[What is being asked]
The response must contain every line below in which "Photo" appears.

Short descriptive text snippets
____________________

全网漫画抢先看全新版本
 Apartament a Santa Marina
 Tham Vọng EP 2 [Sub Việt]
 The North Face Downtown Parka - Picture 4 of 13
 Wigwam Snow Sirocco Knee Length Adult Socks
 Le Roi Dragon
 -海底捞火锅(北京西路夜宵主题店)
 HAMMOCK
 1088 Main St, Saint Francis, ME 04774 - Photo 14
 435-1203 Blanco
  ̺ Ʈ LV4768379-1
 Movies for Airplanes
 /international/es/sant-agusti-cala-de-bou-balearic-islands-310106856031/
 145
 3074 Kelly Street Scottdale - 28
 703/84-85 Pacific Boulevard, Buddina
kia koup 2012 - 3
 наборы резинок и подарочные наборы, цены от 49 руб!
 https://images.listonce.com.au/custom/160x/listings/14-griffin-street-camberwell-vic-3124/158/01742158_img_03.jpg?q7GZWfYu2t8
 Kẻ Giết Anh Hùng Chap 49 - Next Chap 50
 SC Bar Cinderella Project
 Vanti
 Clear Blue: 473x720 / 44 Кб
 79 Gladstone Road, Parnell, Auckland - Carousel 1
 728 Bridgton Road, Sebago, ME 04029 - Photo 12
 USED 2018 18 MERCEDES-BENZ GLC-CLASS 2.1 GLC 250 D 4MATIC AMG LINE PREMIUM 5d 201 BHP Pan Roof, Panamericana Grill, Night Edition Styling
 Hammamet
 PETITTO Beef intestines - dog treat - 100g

____________________

[Solution for this exercise]
 1088 Main St, Saint Francis, ME 04774 - Photo 14
 728 Bridgton Road, Sebago, ME 04029 - Photo 12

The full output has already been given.